▶ _Dataset extract_
=== Section Start ===

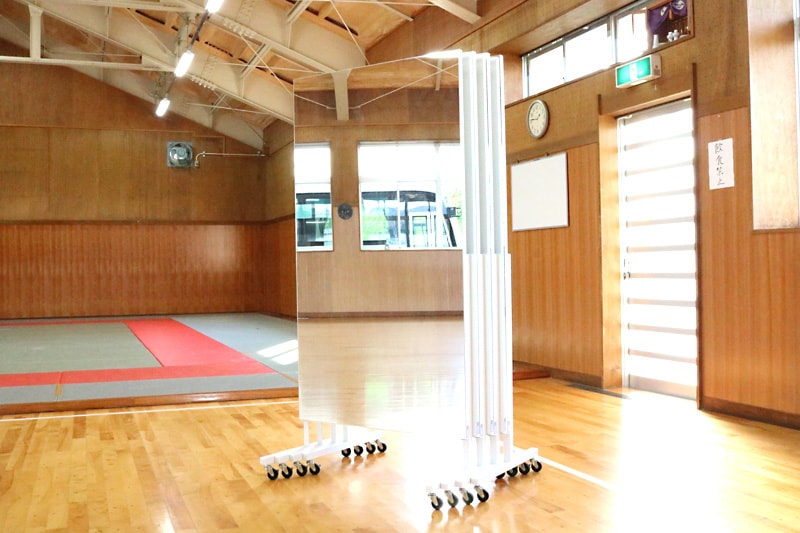 「移動式スポーツミラー」を4枚重ねた様子:正面
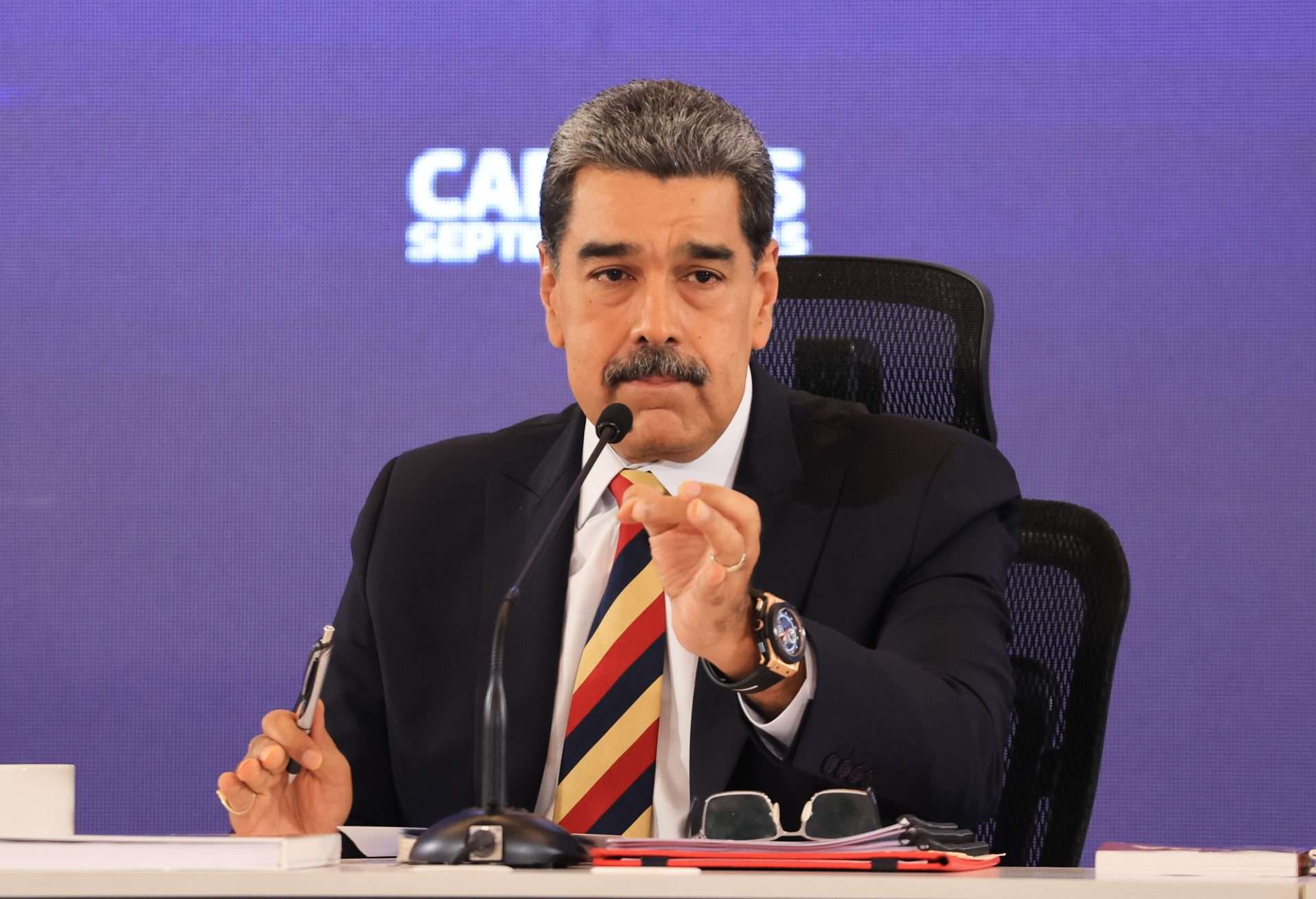 Maduro: Petroleras pueden operar “con o sin licencia”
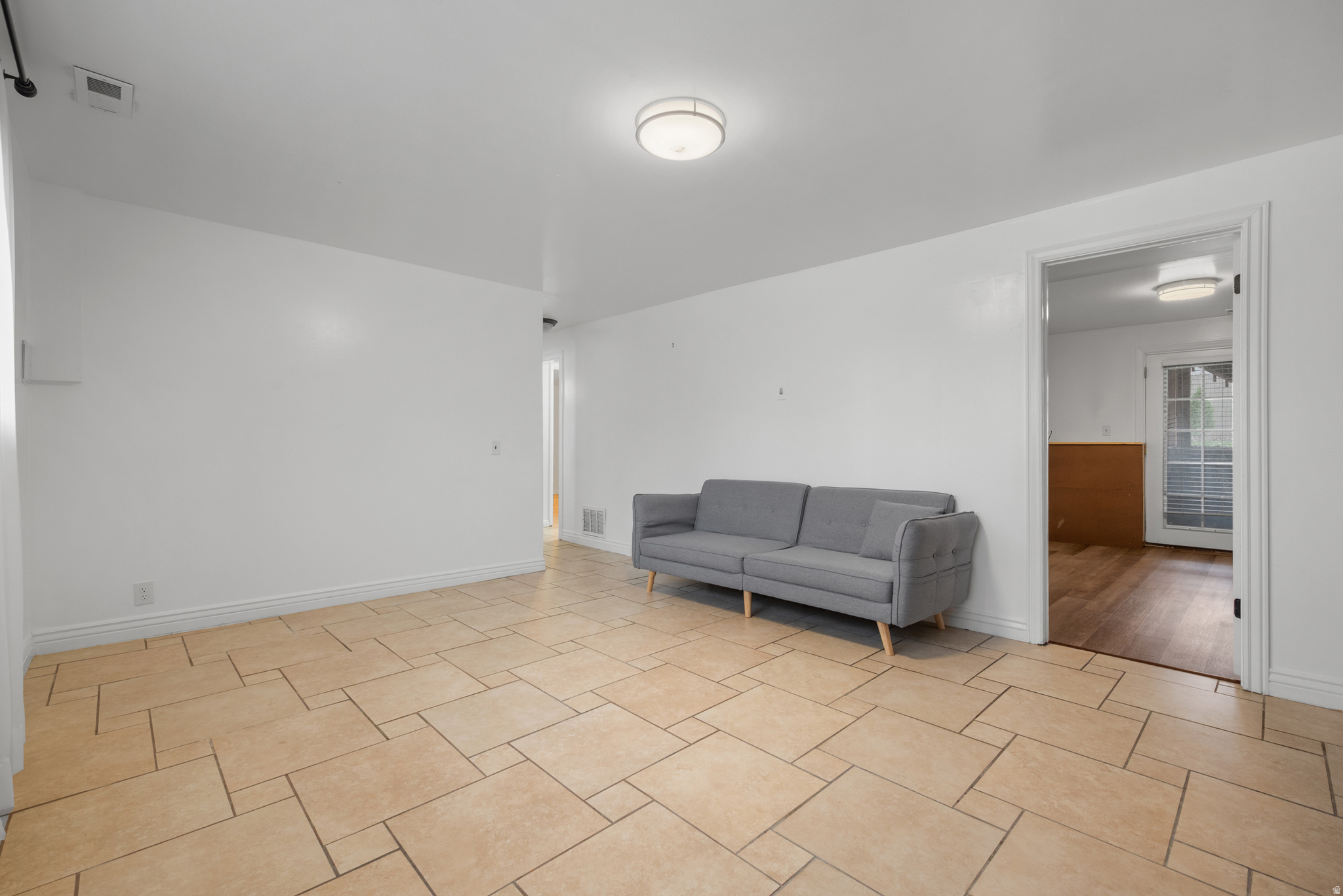 ROBINSON SQUARE - Residential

=== Section End ===

▶ _Instructions to follow_
Each line of the data must be transcribed exactly; pictures are not carried over.

▶ _Solution to the problem_
 「移動式スポーツミラー」を4枚重ねた様子:正面
 Maduro: Petroleras pueden operar “con o sin licencia”
 ROBINSON SQUARE - Residential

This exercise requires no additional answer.